Wenn diese Energien wirksam werden, entsteht ein Dialog. Filme schaffen damit eine Beteiligung an dem von Beuys intendierten geistig-künstlerischen Prozess. Oder, noch weitergehend: Während und mit der Filmvorführung findet auch heute noch, Jahre nach seinem Tod, künstlerische Praxis statt. Filmaufzeichnungen aus der Arbeit von Joseph Beuys haben also dieselbe Funktion und Bedeutung wie seine Zeichnungen, seine Objekte, seine Multiples, seine Installationen und Performances. Alles dient dazu, gedankliche Prozesse auszulösen, und diese gedanklichen Prozesse bei uns, die wir den Werken begegnen, gehören nach Beuys ebenso zur künstlerischen Arbeit und zum Werk wie das, was der Künstler selbst macht.
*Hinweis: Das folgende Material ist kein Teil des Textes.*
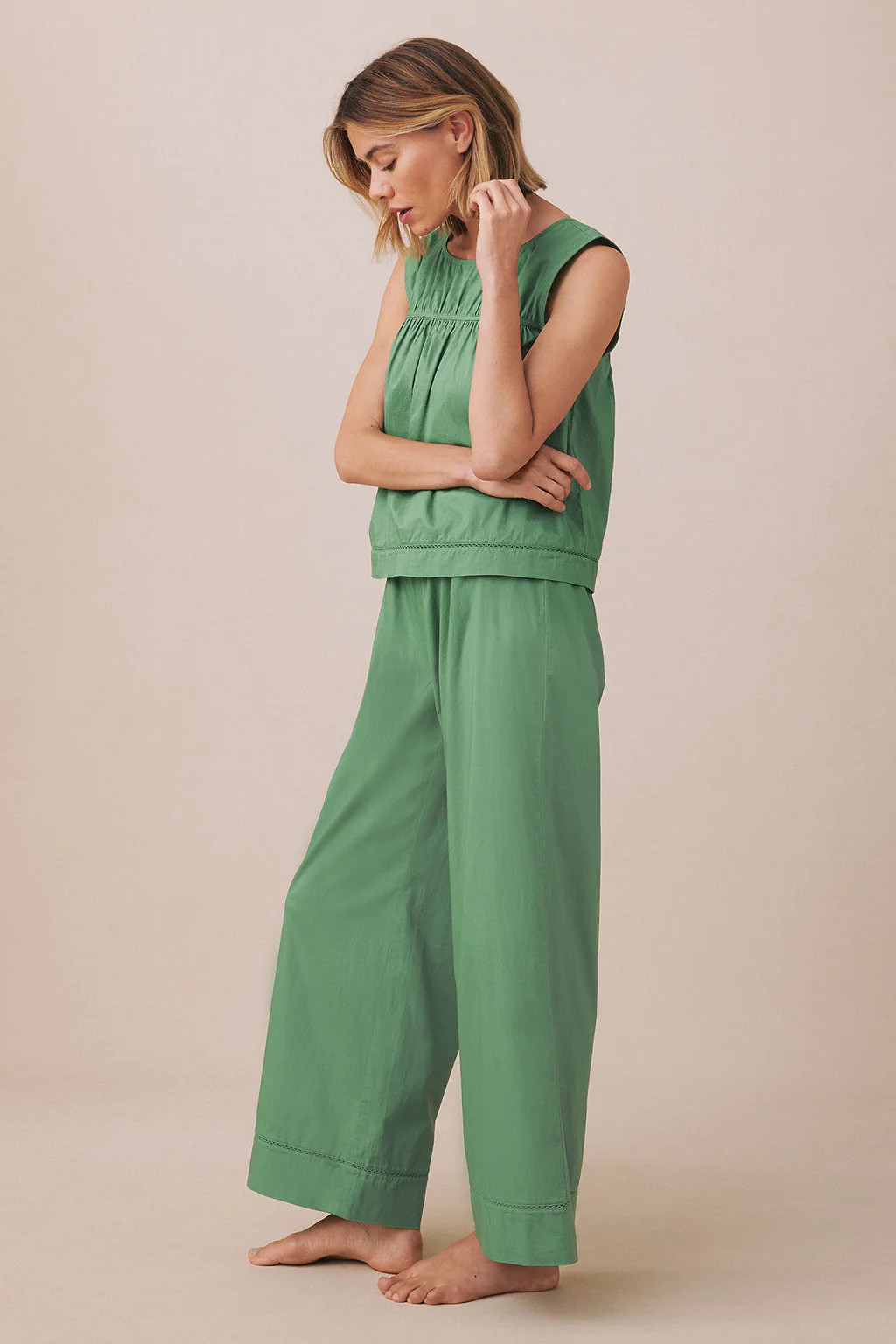 Celeste Tank-Long Set in Comfrey | Lake Pajamas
Man könnte sogar sagen, daß durch den Film ursprüngliche Energien wieder freigesetzt werden. Die Intuition und die Imagination der Zuschauer werden so zu einem Teil der Aktion. Die Aktionen von Beuys finden in unseren Köpfen noch einmal statt. Die Filme aus dem Werkzusammenhang von Joseph Beuys entwickeln ihre Energie, wenn sie uns erreichen - gebündelt durch Kamera, Projektor und Monitor. Sie sind selbst Ideenträger, Energieträger, Sender, Antennen, Speicher, gedankliche Leiteinrichtung, Akkumulatoren geistigen Kapitals. Es ist überflüssig, hinzuzufügen, daß nach diesem künstlerischen Konzept der Zugang des Publikums zu allen Werken des Künstlers, auch zu den Film- und Videodokumenten, unbeschränkt möglich sein muss, auch wenn seine Erben – gestützt auf Teile des deutschen Urheberrechts – versuchen, ein Informationsmonopol aufrechtzuerhalten.
Das Loch
1959 konzipierte Joseph Beuys ein Environment, das nur durch ein Loch in der Wand zu betrachten sein sollte, von einem einzigen Standpunkt, einem Blickwinkel aus. Die Installation mit dem Titel „Transsibirische Bahn“ wurde zwei Jahre später realisiert, allerdings nicht in dieser ursprünglich geplanten Form. (Sie ist heute Teil des „Block Beuys“ im Hessischen Landesmuseum Darmstadt). Erst ein Film mit gleichem Titel imaginiert das beabsichtigte Guckkastenprinzip. Die Kamera nimmt die ideale Position des Betrachters ein und rührt sich 22 Minuten lang nicht von der Stelle. Das Objektiv vertritt das Loch.
Beuys hat viele Löcher gezeichnet, aus Papier gerissen, hat Ofenlöcher in Museumsbauten brechen lassen, hat die Schläuche seiner „Honigpumpe“ auf der documenta 1977 durch Löcher in den Wänden zum „Arbeitsplatz“, nämlich der von ihm gegründeten Free International University geführt. Das Loch bündelt, fokussiert, bestimmt die Sicht. Das Loch ist eine Öffnung zwischen den Welten. Durch ein Loch ist der Zugang von einer Ebene zur anderen möglich. Durch das Loch kann plastische, gestaltende Energie fließen, auch gedankliche. Eine Lochzeichnung von 1961 trägt den Titel „Kamera“.